Managing assessments and essays towards the end of the academic year is super stressful. When you combine that with having to write a 10,000+ word dissertation, it can seem impossible. However, if you get started on your planning and research before the term even begins, you’ll save yourself a world of worry when the deadlines start to pile up.

First of all, you may think that the dissertation deadline is around the same time as your others. Well, for most courses that’s just not true. You can even expect the final submission date to be as early as March, as opposed to your other modules which may be more lenient with May/June deadlines. This means that ideally, your Semester A should be spent planning and potentially writing first drafts or getting feedback. Semester B, therefore, should be all about perfecting it – finishing your writing, taking on feedback constructively and completing the writing process. Remember, referencing and presentation alone is a big, and vital task, especially for courses such as English (trust me, been there, done that!).

Do your research in the summer

So, bearing in mind that the final deadline can come upon you pretty quickly, the first step to a successful head start is to do your research in the summer. This is a bit of a wild suggestion, as I know that the summer is pretty much the only time students don’t have assessments during a holiday. However, if you only do a little bit a day, sit outside with an iced coffee or sweet tea, put on some suncream – the research doesn’t even seem like much of a job. In fact, you’ll probably be doing a topic you enjoy, so it shouldn’t be too much of a burden! Additionally, try and set up a meeting with your supervisor as soon as you are assigned to them, as this way you can share your ideas for research and they can help you in the correct direction of study.

Efficiently document the process

By doing the majority of your research in the summer before the third year begins, you get the biggest job out of the way. The next step is to efficiently document the process alongside your research. I did this, and let me tell you, it saved me so much time. By documenting which sources you have read, who wrote them, where you found them, what date you accessed them and how useful they were, you can easily find great sources to use as a reference when writing. It saves you having to go back through old texts that you can not remember the context of, for that quote you desperately need. I got this advice from my older sister, and it genuinely was a lifesaver. Even if you don’t find the text useful, you might find later on that your argument spirals into a similar discussion, so make sure your document its general context and what it refers to. I did this on an Excel spreadsheet (mostly for ease, but also for the cool colour scheme…).

Colour code your research

The next helpful tip is to colour code your research. This may seem pretty basic, but it’s really helpful to download and colour code PDF versions of your sources where you can. You don’t even have to print them out, you can edit PDFs with virtual highlighters easily – just look for the highlight tool in the ‘mark up’ bar on a Mac, or use one of the main free options of PDF annotation for a windows computer. When you have PDF annotation set up, make sure to colour code useful quotes and sources for your different chapters and introduction. For example, in my research, I used green for ‘General information’ (the sources for the introduction), orange for sources in chapter 1 and pink for chapter 2. This way, when quickly scanning through sources for useful quotes during the writing process, you can automatically eliminate the sources that aren’t relevant for that chapter.
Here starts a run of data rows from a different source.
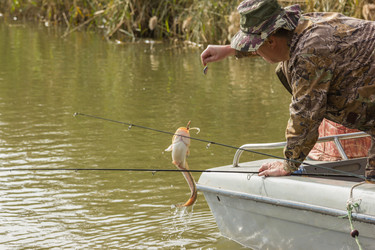 Similar image 10462260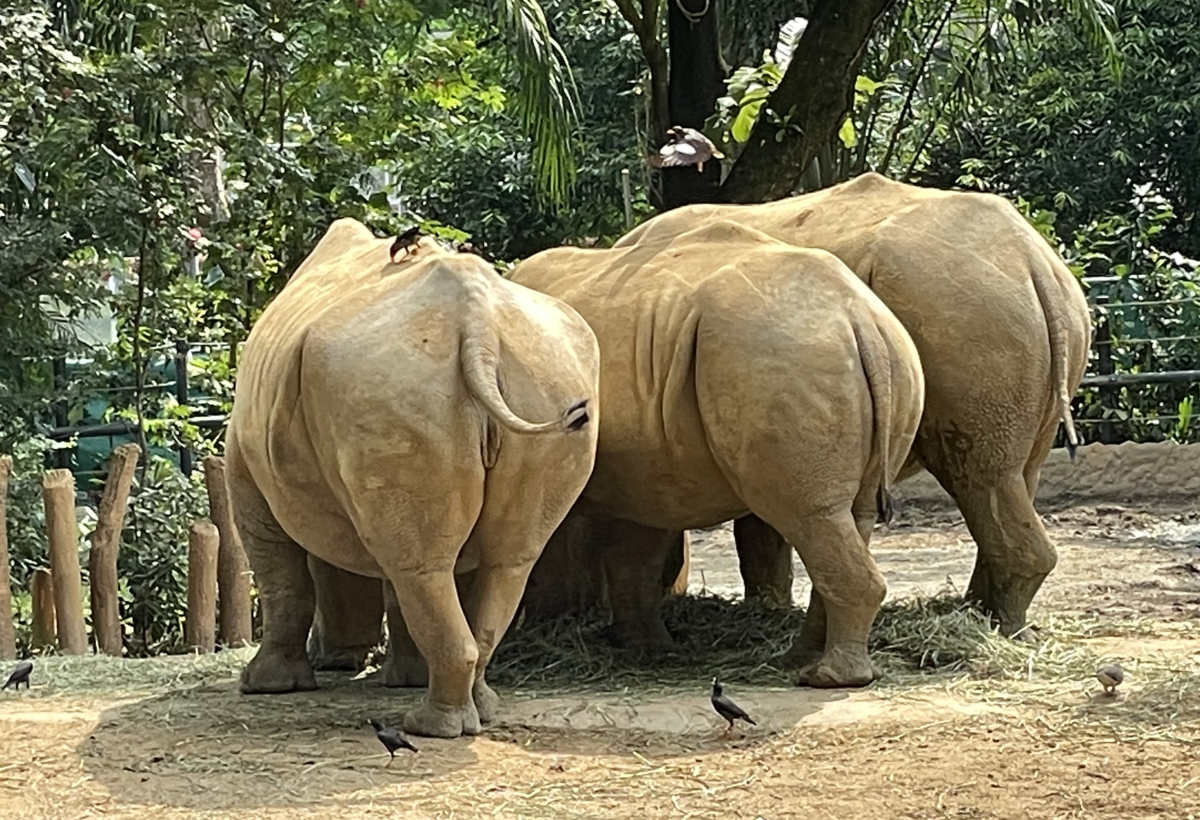 シロサイ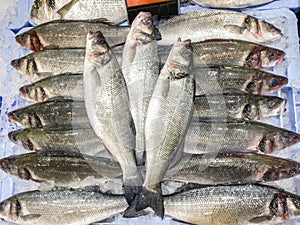 Close Up of sea bass fish on ice store counter. Seabasses displayed supermarket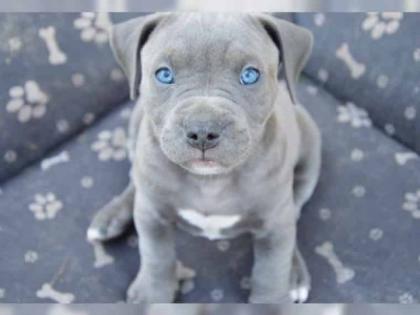American Staffordshire Bullterrier Welpen aus TOP Verpaarung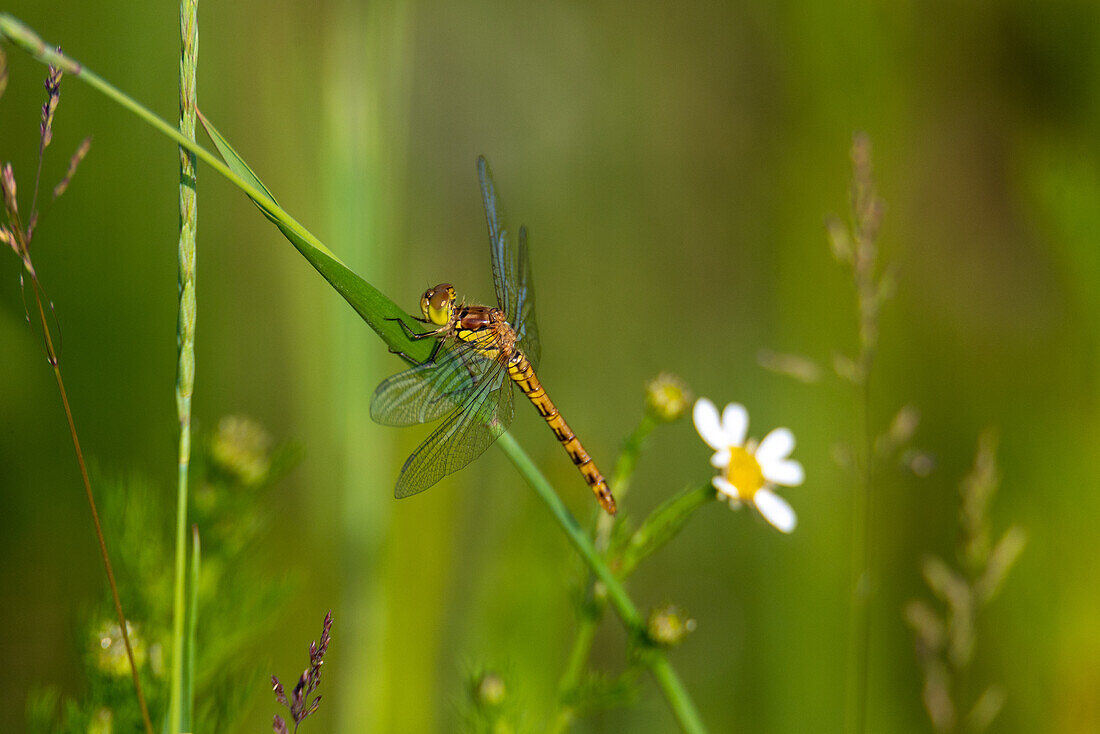 Große Heidelibelle (Sympetrum striolatum), frisch geschlüpftes Weibchen samt Exuvie, Natura 2000 Schutzgebiet Salzachauen, Salzburg, Oesterreich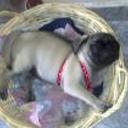 Kisha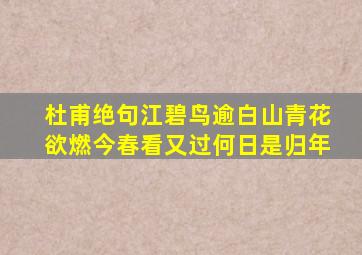 杜甫绝句江碧鸟逾白山青花欲燃今春看又过何日是归年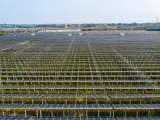 Ogromne połacie paneli fotowoltaicznych, część rozbudowy instalacji Tauron, na tle miejskiej zabudowy.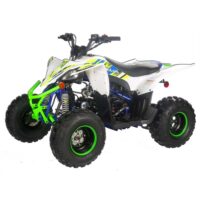 Vitacci Pentora 125 ATV with carburetor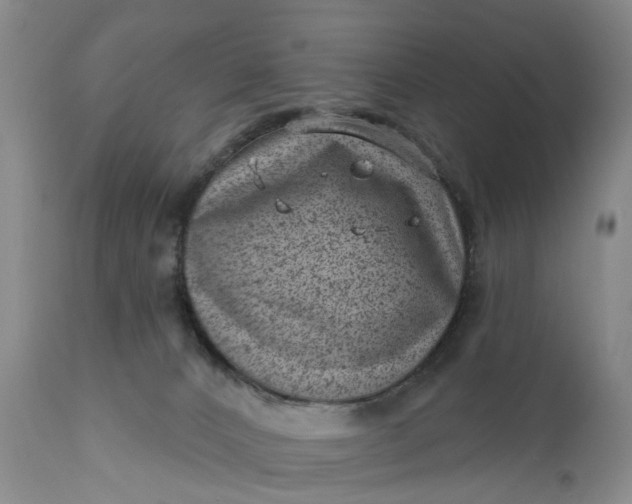 X0000111040032200907091620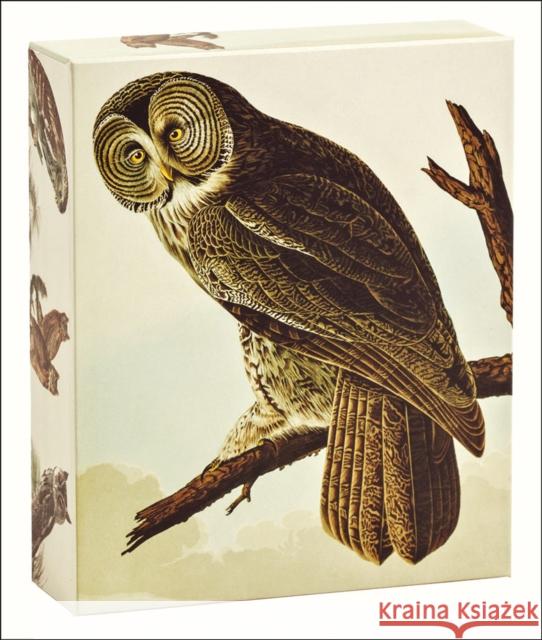 Audubon Owls QuickNotes John James Audubon 9781623258894 teNeues Calendars & Stationery GmbH & Co. KG - książka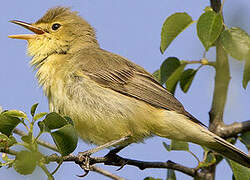 Melodious Warbler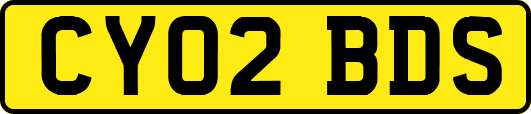 CY02BDS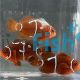 CB Clownfish Gold Flake Maroon - Small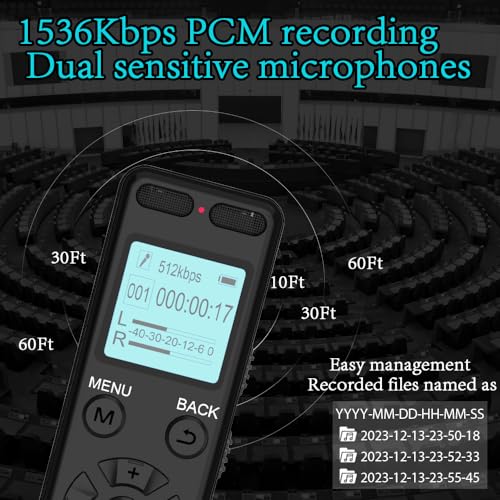 Aiworth 72GB Digital Voice Recorder Model E36 MP3 Audio Playback USB 2.0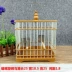 Mới bằng nhựa sáp miệng chim lồng vuông vuông tẩm tắm lồng đồng miệng nhựa chống lão hóa vận chuyển lồng phụ kiện - Chim & Chăm sóc chim Supplies Chim & Chăm sóc chim Supplies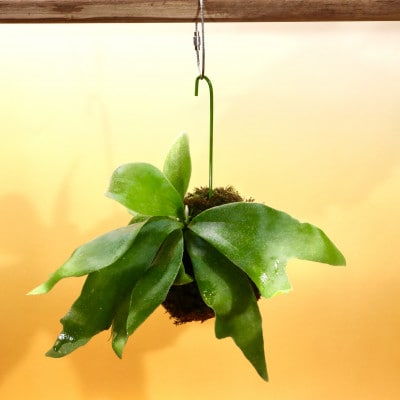 苔玉　ビカクシダ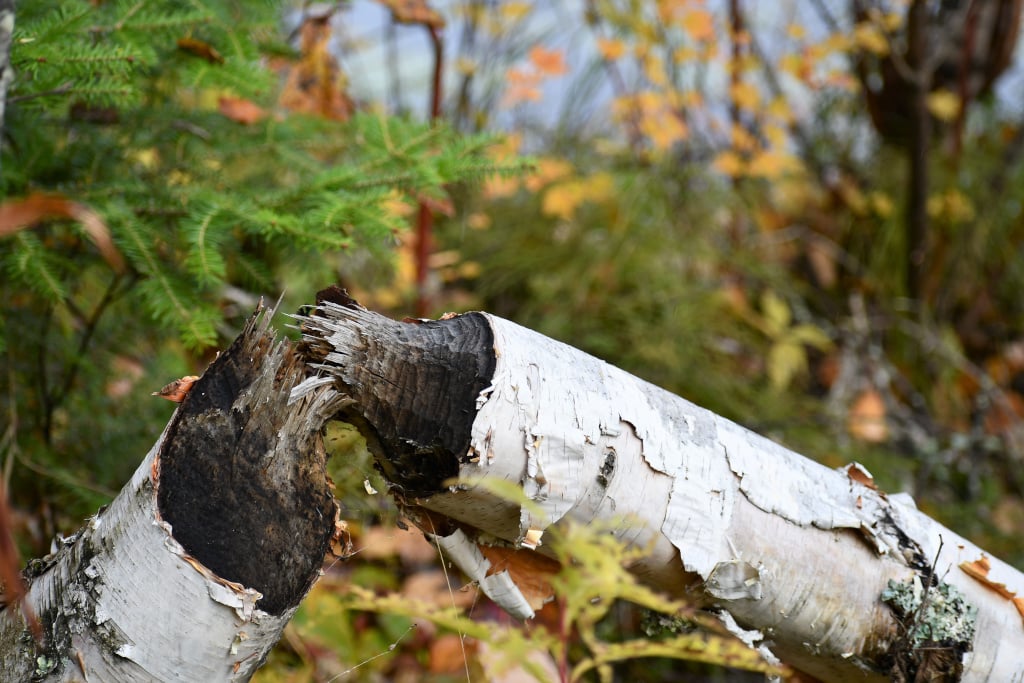 Beaver cut tree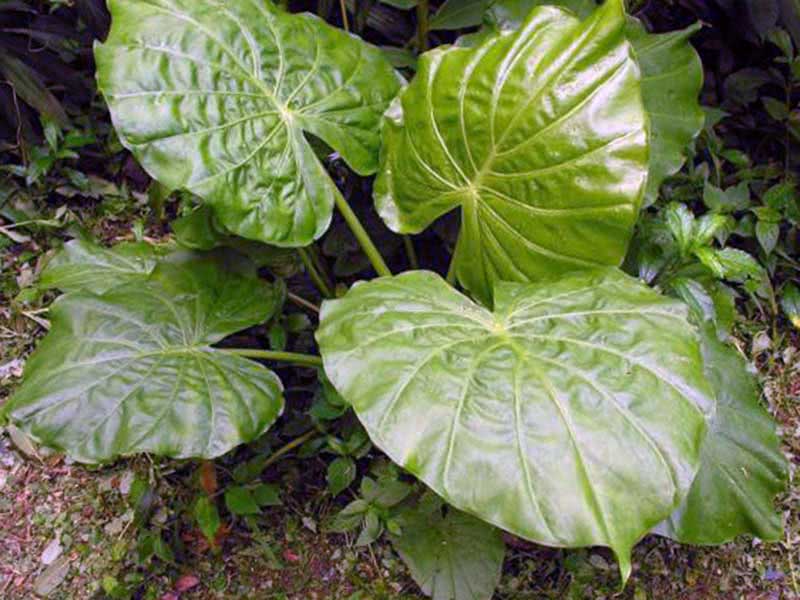 Alocasia indica / алоказия индийская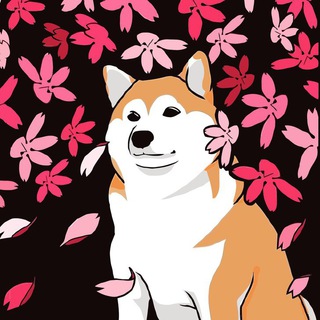 Логотип @pensive_inu - задумчивый ину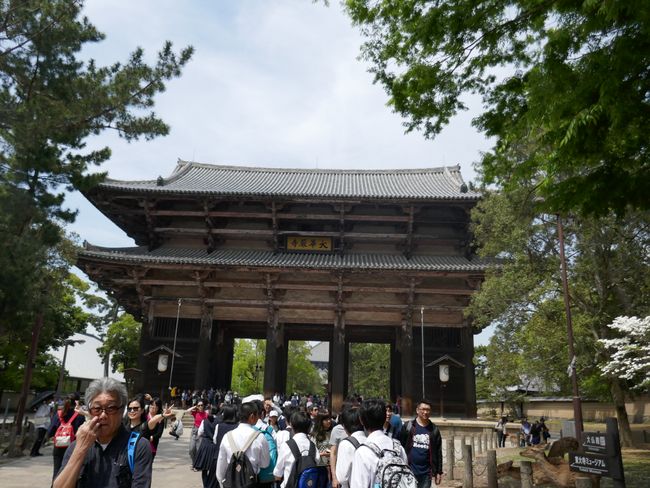 (Finally again) Kyoto and Nara (20th-22nd April)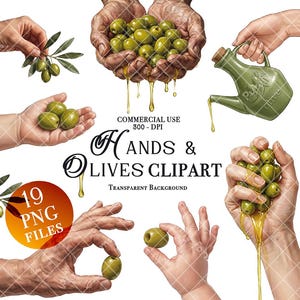 May include: Digital clipart featuring hands holding green olives, olive branches, and an olive oil pitcher. The image includes the text "HANDS & OLIVES CLIPART" and "19 PNG FILES". The olives are depicted with dripping olive oil.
Jump straight into planning and writing in Semester A

Okay! So now you know some helpful tips to getting a head start on your research for your dissertation, you can jump straight into planning and writing in Semester A. Ensure that you make the most of every meeting with your supervisor and constructively take their advice. The most difficult step of any dissertation is the research process – it can be overwhelming, stressful and long. The best thing you can do, for your dissertation and for your own sanity, is get a jump start on the biggest part. This way, when it comes to planning, you only have to combine your points and criticism with your pre-collected sources, giving you plenty of time to write and edit your dissertation for the deadline.

Hopefully these tips which I have gathered over the course of my dissertation can assist you in yours! Stay safe, and stay calm!